Aim of the exercise
Your response should match the records line for line.

Brief descriptive captions
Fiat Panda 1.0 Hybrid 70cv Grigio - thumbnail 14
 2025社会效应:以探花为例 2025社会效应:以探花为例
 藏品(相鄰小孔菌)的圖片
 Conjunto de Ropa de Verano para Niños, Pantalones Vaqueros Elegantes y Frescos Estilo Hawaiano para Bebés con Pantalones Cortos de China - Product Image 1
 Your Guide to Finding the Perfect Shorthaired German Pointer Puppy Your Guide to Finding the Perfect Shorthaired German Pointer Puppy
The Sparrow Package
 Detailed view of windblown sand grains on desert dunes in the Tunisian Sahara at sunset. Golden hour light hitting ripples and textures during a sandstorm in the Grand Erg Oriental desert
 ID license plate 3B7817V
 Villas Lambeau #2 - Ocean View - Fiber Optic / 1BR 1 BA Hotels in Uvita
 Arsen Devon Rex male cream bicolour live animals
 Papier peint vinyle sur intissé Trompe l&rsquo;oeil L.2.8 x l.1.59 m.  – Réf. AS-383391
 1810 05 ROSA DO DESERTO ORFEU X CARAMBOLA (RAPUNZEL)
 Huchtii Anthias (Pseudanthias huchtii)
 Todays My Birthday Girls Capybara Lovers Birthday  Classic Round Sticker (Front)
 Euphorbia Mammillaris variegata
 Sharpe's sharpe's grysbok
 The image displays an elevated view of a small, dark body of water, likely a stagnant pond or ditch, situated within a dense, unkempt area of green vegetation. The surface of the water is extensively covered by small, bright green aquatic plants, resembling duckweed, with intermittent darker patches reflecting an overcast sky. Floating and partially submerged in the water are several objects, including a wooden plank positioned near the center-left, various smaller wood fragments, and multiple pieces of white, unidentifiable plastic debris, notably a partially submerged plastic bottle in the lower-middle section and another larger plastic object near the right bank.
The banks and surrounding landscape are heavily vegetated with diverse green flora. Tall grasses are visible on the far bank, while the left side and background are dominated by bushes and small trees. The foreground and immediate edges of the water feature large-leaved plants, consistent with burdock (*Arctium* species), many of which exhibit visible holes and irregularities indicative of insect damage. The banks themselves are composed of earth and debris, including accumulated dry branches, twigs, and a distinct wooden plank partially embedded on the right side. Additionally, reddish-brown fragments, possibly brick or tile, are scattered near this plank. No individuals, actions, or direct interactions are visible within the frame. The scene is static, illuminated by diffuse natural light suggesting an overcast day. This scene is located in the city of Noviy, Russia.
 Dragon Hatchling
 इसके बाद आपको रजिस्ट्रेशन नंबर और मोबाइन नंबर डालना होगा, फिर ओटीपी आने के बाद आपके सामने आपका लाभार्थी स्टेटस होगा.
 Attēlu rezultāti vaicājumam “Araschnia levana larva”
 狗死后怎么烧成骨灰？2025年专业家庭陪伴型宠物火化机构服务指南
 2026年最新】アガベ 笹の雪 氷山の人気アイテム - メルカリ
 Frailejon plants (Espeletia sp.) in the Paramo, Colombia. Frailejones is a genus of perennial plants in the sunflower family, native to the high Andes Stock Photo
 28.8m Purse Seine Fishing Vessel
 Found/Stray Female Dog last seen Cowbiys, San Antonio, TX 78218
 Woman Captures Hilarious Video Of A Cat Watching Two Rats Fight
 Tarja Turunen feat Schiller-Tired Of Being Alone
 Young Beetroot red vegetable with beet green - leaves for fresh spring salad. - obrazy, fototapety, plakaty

Response to the exercise
Fiat Panda 1.0 Hybrid 70cv Grigio - thumbnail 14
 2025社会效应:以探花为例 2025社会效应:以探花为例
 藏品(相鄰小孔菌)的圖片
 Conjunto de Ropa de Verano para Niños, Pantalones Vaqueros Elegantes y Frescos Estilo Hawaiano para Bebés con Pantalones Cortos de China - Product Image 1
 Your Guide to Finding the Perfect Shorthaired German Pointer Puppy Your Guide to Finding the Perfect Shorthaired German Pointer Puppy
The Sparrow Package
 Detailed view of windblown sand grains on desert dunes in the Tunisian Sahara at sunset. Golden hour light hitting ripples and textures during a sandstorm in the Grand Erg Oriental desert
 ID license plate 3B7817V
 Villas Lambeau #2 - Ocean View - Fiber Optic / 1BR 1 BA Hotels in Uvita
 Arsen Devon Rex male cream bicolour live animals
 Papier peint vinyle sur intissé Trompe l&rsquo;oeil L.2.8 x l.1.59 m.  – Réf. AS-383391
 1810 05 ROSA DO DESERTO ORFEU X CARAMBOLA (RAPUNZEL)
 Huchtii Anthias (Pseudanthias huchtii)
 Todays My Birthday Girls Capybara Lovers Birthday  Classic Round Sticker (Front)
 Euphorbia Mammillaris variegata
 Sharpe's sharpe's grysbok
 The image displays an elevated view of a small, dark body of water, likely a stagnant pond or ditch, situated within a dense, unkempt area of green vegetation. The surface of the water is extensively covered by small, bright green aquatic plants, resembling duckweed, with intermittent darker patches reflecting an overcast sky. Floating and partially submerged in the water are several objects, including a wooden plank positioned near the center-left, various smaller wood fragments, and multiple pieces of white, unidentifiable plastic debris, notably a partially submerged plastic bottle in the lower-middle section and another larger plastic object near the right bank.
The banks and surrounding landscape are heavily vegetated with diverse green flora. Tall grasses are visible on the far bank, while the left side and background are dominated by bushes and small trees. The foreground and immediate edges of the water feature large-leaved plants, consistent with burdock (*Arctium* species), many of which exhibit visible holes and irregularities indicative of insect damage. The banks themselves are composed of earth and debris, including accumulated dry branches, twigs, and a distinct wooden plank partially embedded on the right side. Additionally, reddish-brown fragments, possibly brick or tile, are scattered near this plank. No individuals, actions, or direct interactions are visible within the frame. The scene is static, illuminated by diffuse natural light suggesting an overcast day. This scene is located in the city of Noviy, Russia.
 Dragon Hatchling
 इसके बाद आपको रजिस्ट्रेशन नंबर और मोबाइन नंबर डालना होगा, फिर ओटीपी आने के बाद आपके सामने आपका लाभार्थी स्टेटस होगा.
 Attēlu rezultāti vaicājumam “Araschnia levana larva”
 狗死后怎么烧成骨灰？2025年专业家庭陪伴型宠物火化机构服务指南
 2026年最新】アガベ 笹の雪 氷山の人気アイテム - メルカリ
 Frailejon plants (Espeletia sp.) in the Paramo, Colombia. Frailejones is a genus of perennial plants in the sunflower family, native to the high Andes Stock Photo
 28.8m Purse Seine Fishing Vessel
 Found/Stray Female Dog last seen Cowbiys, San Antonio, TX 78218
 Woman Captures Hilarious Video Of A Cat Watching Two Rats Fight
 Tarja Turunen feat Schiller-Tired Of Being Alone
 Young Beetroot red vegetable with beet green - leaves for fresh spring salad. - obrazy, fototapety, plakaty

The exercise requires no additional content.